In the given sequence green, black, red, silver we have:

Green gives the first digit $$a = 5,$$

Black gives the second digit $$b = 0,$$

Red gives the multiplier power $$c = 2,$$ because red corresponds to the multiplier $$10^2$$,

Silver gives the tolerance of $$\pm 10\%.$$(We shall use this tolerance a little later.)

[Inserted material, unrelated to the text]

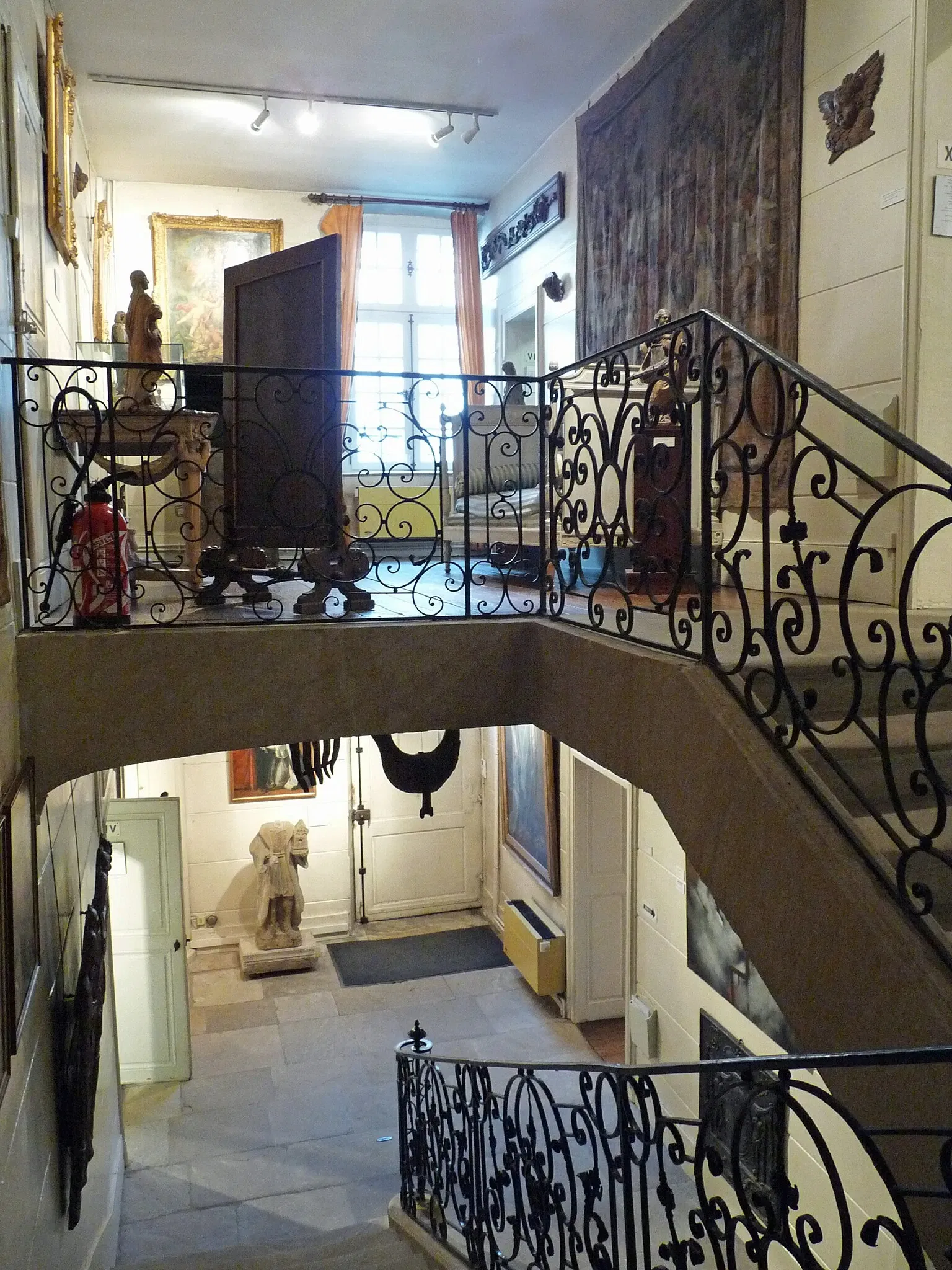 Musée Charles de Bruyères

The standard formula for the resistance of a 4-band resistor is

$$R = (10a + b)\times 10^{\,c}\;\Omega.$$

Substituting the digits just obtained we get

$$R = (10\times 5 + 0)\times 10^{\,2}\;\Omega.$$

Simplifying step by step, first evaluate the bracket:

$$10\times 5 + 0 = 50.$$

Now multiply by the power of ten supplied by the third band:

$$R = 50 \times 10^{\,2}\;\Omega.$$

Since $$10^{\,2}=100,$$ we have

$$R = 50 \times 100\;\Omega = 5000\;\Omega.$$

So the nominal resistance is

$$R_{\text{nom}} = 5\;\text{k}\Omega.$$

Because the tolerance is silver (±10 %), the actual resistance can be as low as

$$R_{\min}= R_{\text{nom}}\left(1-0.10\right).$$

Substituting the numerical value,

$$R_{\min}= 5\,000\;\Omega \times 0.90 = 4\,500\;\Omega.$$

To ensure the resistor never dissipates more than its rated power of 2 W, we use the power relation

$$P = I^{2}R.$$

For the maximum current we must employ the minimum resistance (because $$I^{2}R$$ must stay at 2 W). Rearranging the formula for current gives

$$I_{\max} = \sqrt{\dfrac{P}{R_{\min}}}.$$

Now substitute $$P = 2\;\text{W}$$ and $$R_{\min}=4\,500\;\Omega$$:

$$I_{\max} = \sqrt{\dfrac{2}{4\,500}}\;\text{A}.$$

Compute the fraction first:

$$\dfrac{2}{4\,500}=0.000444\overline{4}.$$

Taking the square root,

$$I_{\max}= \sqrt{0.000444\overline{4}}\;\text{A}\approx 0.0211\;\text{A}.$$

Convert amperes to milliamperes using $$1\;\text{A}=1000\;\text{mA}$$:

$$0.0211\;\text{A}\times 1000 = 21.1\;\text{mA}.$$

The nearest value among the given options is 20 mA.

Hence, the correct answer is Option C.